■ Try it ■
How many lines in these entries contain the string "Storage"? Reply with the number alone.

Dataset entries
Start of Block

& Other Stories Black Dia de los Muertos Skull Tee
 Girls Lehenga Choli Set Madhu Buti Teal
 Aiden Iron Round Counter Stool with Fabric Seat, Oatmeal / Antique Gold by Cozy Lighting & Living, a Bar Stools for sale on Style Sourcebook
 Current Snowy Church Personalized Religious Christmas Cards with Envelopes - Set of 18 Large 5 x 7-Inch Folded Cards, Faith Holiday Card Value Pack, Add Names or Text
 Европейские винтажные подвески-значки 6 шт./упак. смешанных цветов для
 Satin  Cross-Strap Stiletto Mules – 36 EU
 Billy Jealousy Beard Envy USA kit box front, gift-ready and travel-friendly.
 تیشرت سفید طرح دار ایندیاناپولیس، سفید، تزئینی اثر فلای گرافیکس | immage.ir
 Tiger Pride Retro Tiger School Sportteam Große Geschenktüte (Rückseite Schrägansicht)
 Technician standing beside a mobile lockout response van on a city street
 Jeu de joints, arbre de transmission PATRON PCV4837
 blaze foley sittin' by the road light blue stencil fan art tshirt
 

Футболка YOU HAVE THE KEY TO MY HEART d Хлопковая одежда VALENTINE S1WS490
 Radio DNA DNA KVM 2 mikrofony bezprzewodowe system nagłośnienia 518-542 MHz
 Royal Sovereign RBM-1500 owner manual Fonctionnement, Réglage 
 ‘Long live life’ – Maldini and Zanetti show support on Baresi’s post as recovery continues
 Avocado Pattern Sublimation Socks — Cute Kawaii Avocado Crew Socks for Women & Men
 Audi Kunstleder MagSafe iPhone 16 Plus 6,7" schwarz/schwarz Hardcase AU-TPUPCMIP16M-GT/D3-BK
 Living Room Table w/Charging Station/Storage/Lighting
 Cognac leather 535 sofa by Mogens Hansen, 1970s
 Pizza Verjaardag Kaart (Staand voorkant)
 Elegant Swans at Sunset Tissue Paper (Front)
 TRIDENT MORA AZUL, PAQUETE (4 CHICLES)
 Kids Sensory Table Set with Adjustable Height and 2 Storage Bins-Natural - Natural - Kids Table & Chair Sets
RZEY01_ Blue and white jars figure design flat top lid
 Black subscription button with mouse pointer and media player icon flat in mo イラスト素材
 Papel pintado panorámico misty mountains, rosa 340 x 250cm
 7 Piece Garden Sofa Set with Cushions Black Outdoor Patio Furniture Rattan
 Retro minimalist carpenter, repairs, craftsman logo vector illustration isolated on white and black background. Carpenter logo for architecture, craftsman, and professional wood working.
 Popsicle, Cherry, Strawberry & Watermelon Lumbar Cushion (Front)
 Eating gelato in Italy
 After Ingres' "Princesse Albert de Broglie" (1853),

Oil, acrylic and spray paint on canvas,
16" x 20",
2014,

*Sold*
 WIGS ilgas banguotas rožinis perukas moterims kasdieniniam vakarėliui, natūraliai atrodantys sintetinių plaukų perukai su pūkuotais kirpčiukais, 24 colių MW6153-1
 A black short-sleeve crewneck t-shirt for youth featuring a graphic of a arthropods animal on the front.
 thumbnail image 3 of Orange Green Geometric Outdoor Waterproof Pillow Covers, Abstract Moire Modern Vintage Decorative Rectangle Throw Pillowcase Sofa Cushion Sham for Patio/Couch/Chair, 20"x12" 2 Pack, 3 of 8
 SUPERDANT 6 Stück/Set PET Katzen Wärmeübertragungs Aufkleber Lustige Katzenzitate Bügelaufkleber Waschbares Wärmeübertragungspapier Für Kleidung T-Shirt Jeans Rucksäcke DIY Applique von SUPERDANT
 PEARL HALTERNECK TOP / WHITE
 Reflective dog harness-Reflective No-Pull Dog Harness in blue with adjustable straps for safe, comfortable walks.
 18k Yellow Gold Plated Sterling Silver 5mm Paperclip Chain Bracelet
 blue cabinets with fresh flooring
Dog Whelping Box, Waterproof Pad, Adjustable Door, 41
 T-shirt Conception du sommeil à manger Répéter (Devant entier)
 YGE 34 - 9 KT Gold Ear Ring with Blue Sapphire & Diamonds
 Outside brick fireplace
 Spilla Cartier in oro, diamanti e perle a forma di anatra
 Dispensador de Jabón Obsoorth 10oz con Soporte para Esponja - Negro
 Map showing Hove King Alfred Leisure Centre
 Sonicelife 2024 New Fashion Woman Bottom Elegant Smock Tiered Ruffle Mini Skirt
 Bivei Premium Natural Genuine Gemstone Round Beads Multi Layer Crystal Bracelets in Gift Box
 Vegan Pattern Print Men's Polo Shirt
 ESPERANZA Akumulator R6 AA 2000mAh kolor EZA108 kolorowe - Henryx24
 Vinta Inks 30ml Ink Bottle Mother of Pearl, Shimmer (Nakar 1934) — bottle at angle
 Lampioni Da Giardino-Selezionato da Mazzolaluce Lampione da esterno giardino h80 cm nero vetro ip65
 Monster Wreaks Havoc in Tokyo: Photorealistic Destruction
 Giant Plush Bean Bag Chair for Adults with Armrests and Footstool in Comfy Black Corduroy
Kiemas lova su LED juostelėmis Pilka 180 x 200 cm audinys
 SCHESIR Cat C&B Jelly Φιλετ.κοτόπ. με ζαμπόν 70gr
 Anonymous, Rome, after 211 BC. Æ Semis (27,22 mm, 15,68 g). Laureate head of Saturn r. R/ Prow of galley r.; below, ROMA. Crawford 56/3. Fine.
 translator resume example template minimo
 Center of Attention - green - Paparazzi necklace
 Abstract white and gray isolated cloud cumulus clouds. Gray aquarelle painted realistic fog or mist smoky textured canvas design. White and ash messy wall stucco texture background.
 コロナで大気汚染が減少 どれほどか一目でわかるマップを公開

End of Block

■ Task response ■
2